Mark Alice Durant, a Professor of Visual Arts, will present on Saint Lucy Books, which extends the mission of the Saint Lucy website. This publishing venture that has published three titles: 27 Contexts: An Anecdotal History in Photography by Mark Alice DurantHidden Mother by Laura Larson, and Conversations with Saint Lucy, featuring conversations with five important contemporary photographers: Sarah Blesener, Elinor Carucci, Doug DuBois, Ron Jude, and Rania Matar. Durant will focus his presentation on Oliver Wasow’s Friends, Enemies, and Strangers, which was released in the Spring of 2018. https://saint-lucy.com/shop/friends-enemies-and-strangers/

UMBC Visual Arts Assistant Professor Gary Rozanc, host of the notable podcast Design Edu Today, will discuss his forthcoming publication Browsers, Devices, and Fonts: A designer’s guide to fonts and how they function on the web. The book will be published through CRC Press and is forthcoming in December 2018. https://designedu.today/


CIRCA Professional Development Intensive

Friday, September 7, 1:00 – 3:30 PM
PAHB 102 Theater Rehearsal Space

The CIRCA Professional Development Intensive convenes arts leaders from Maryland and leading UMBC faculty to share research, missions, and ideas. The program is built around lightning round presentations of 15 minutes and break-out sessions that encourage dialog, mixing and community building. Our presenters maintain regional, national and international careers in a range of disciplines — curatorial practices, arts administration, theater, music, augmented reality, virtual reality, dance, cinema and visual arts.

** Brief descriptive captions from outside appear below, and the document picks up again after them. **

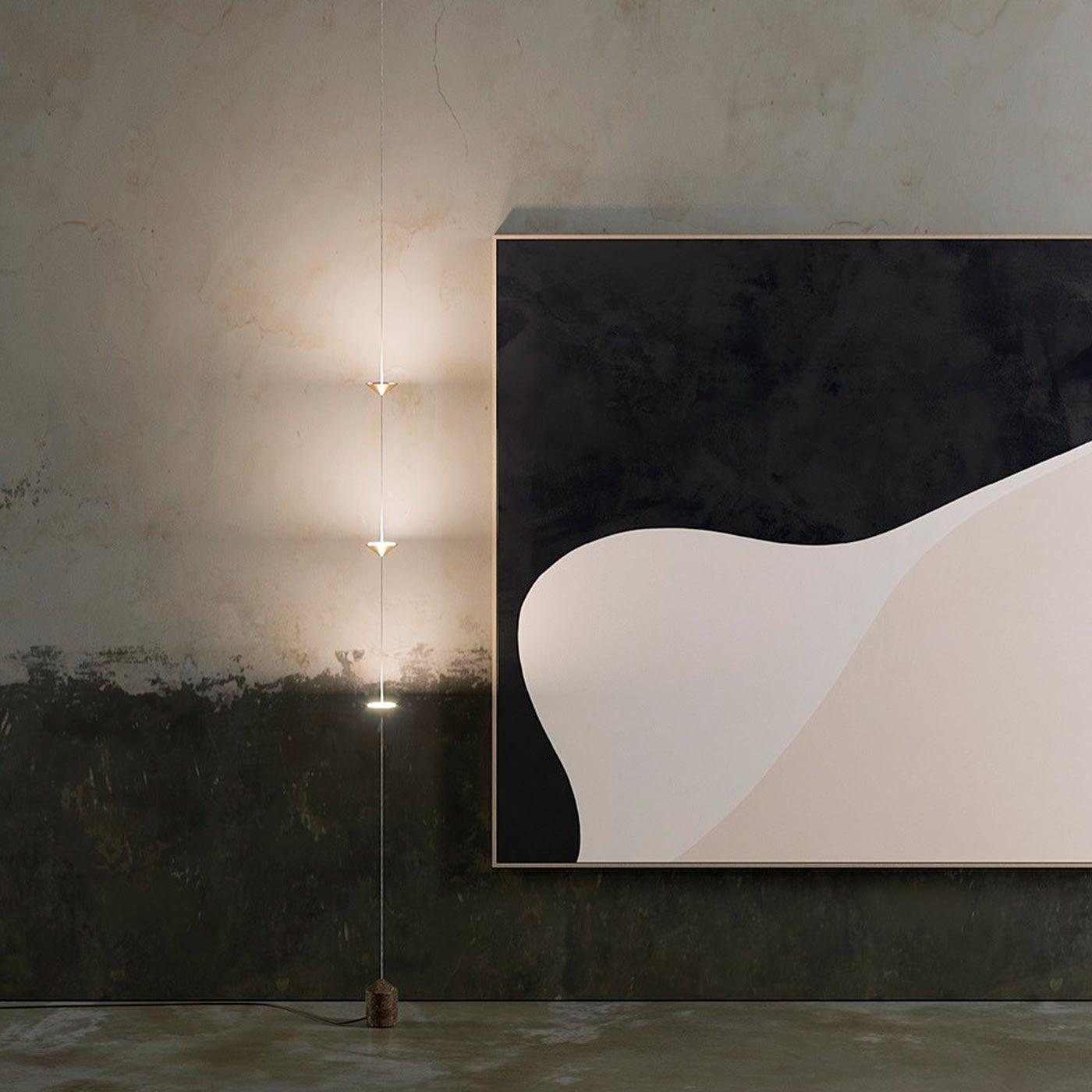 Natasha Minimalist Floor Lamp-Neutral Decor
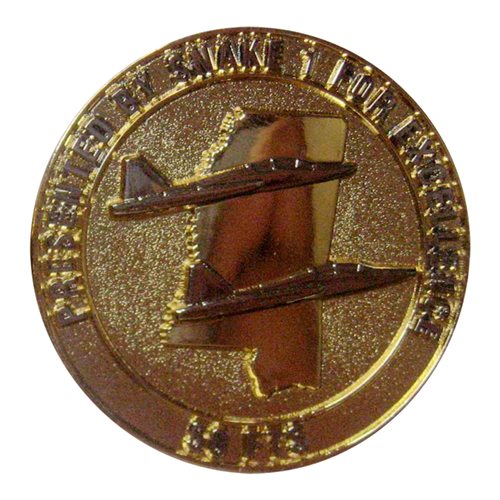 50 FTS Commander Challenge Coin - View 2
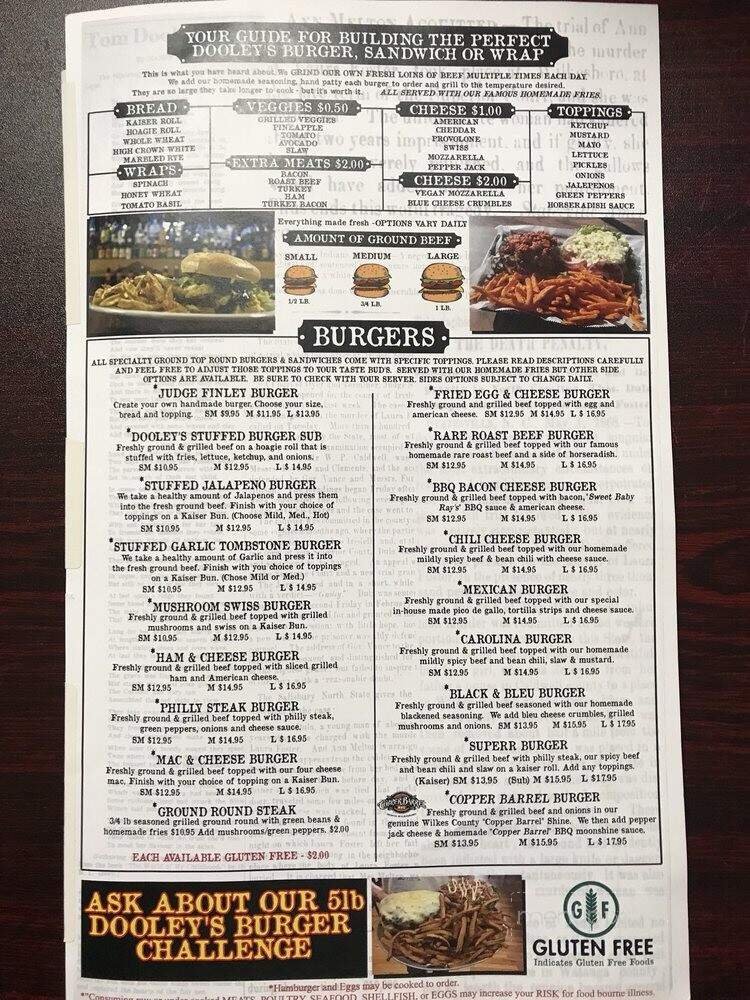 Menu page 2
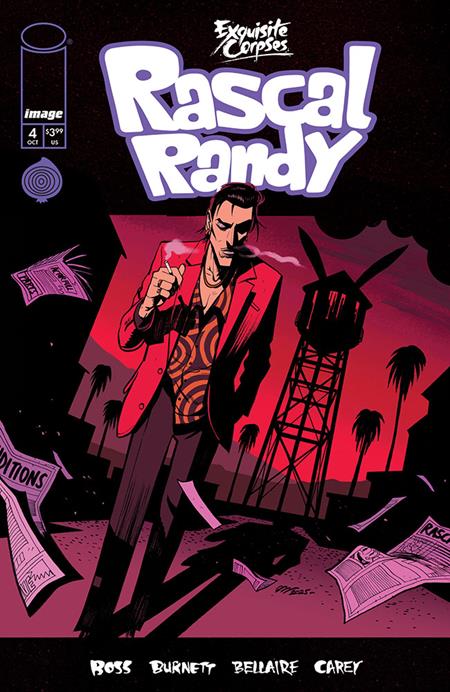 EXQUISITE CORPSES RASCAL RANDY #4 (OF 5) (MR) (Limit 1 Per Cover) (rel:10/21)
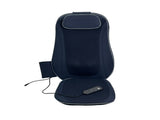 Shiatsu Back Massager with Kneading and Heating-Dark Blue W607P188756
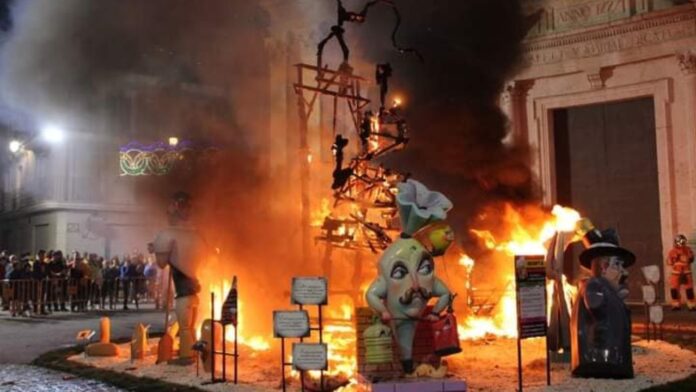 Fallas de Turís 2026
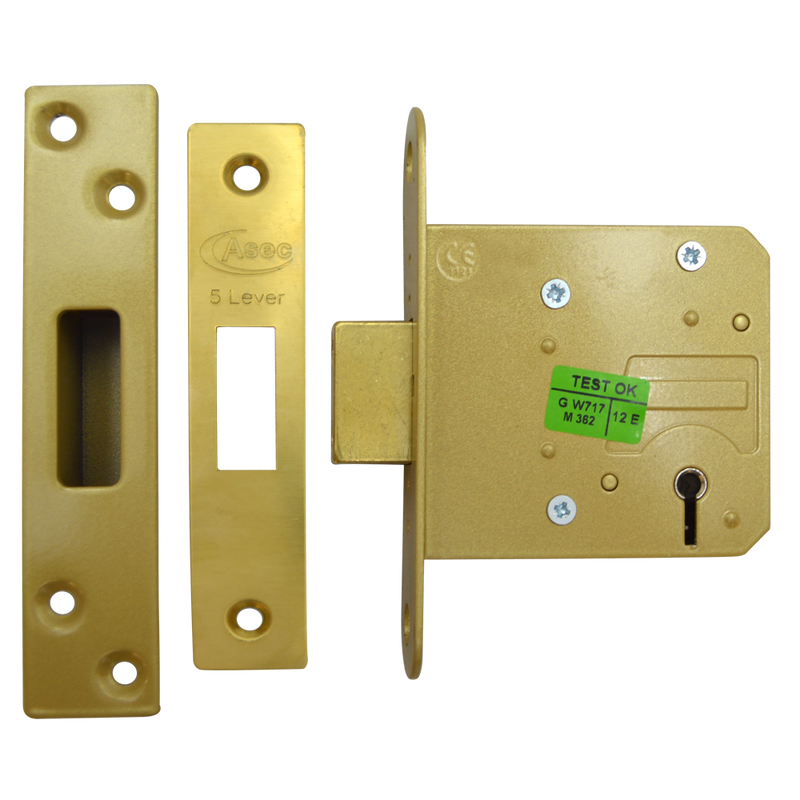 ASEC 5 Lever Deadlock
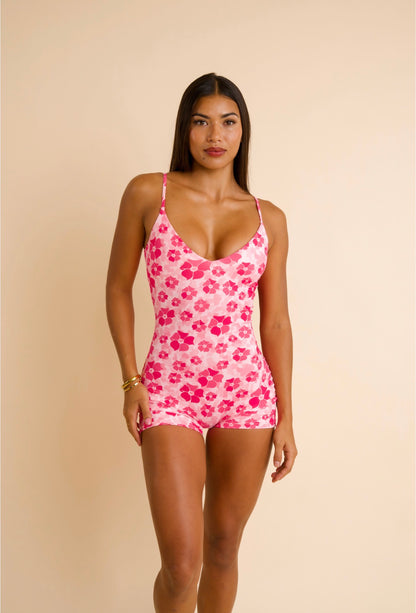 Nanea Pink Active Romper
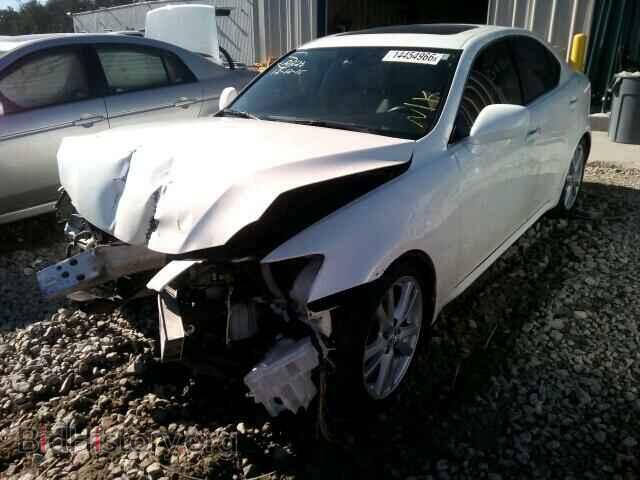 2006 LEXUS IS250 - VIN: JTHBK262X65012223 - Фото 2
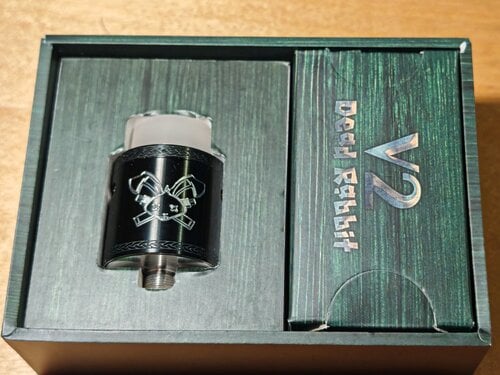 Περισσότερες πληροφορίες για "Hellvape Dead Rabbit V2 RDA"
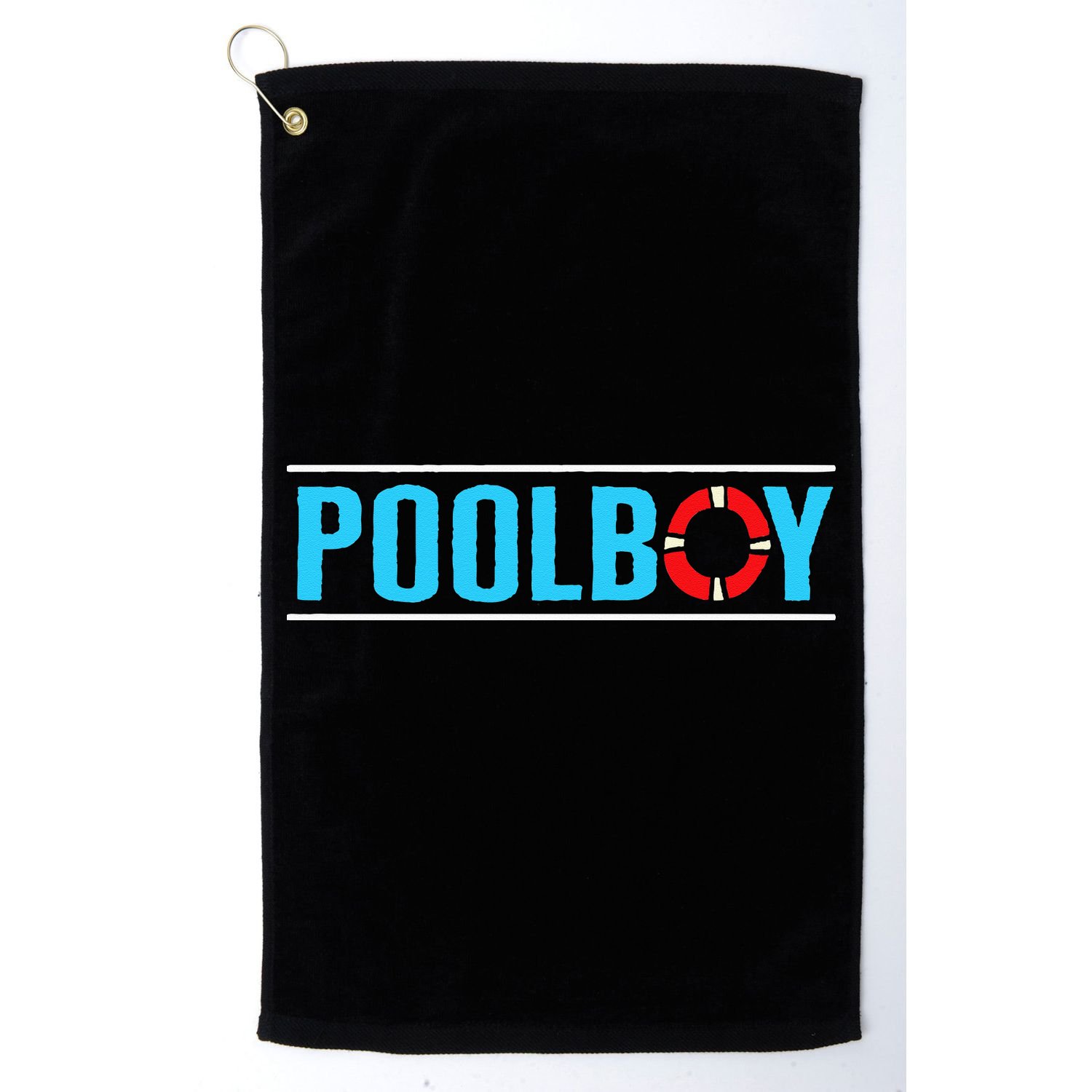 Poolboy Outdoor Swimming Pool Golf Towel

Arts leaders, faculty, students, alumni and visitors are invited to enjoy this opportunity to mix it up in the state-of-the-art Performing Arts and Humanities Building at UMBC. Presenters and attendees are not bound to the entire program, and may come and go as needed. The tone will be collegial and informal, as is the mode with all CIRCA programming.

The CIRCA Professional Development Intensive affords everyone an opportunity to hear about and discuss some of the exciting art and cultural work going on in the Baltimore metropolitan area. You are warmly welcomed to this event, which is free. Light fare and beverages will be available.


CIRCA Catalyst: Professor Stephen Bradley, Visual Arts, and Dr. Tagide deCarvalho, Director of the UMBC Keith Porter Imaging Facility
Imaris Snapshot

Monday, May 7, 12 – 1pm, PAHB 216 (lunch provided)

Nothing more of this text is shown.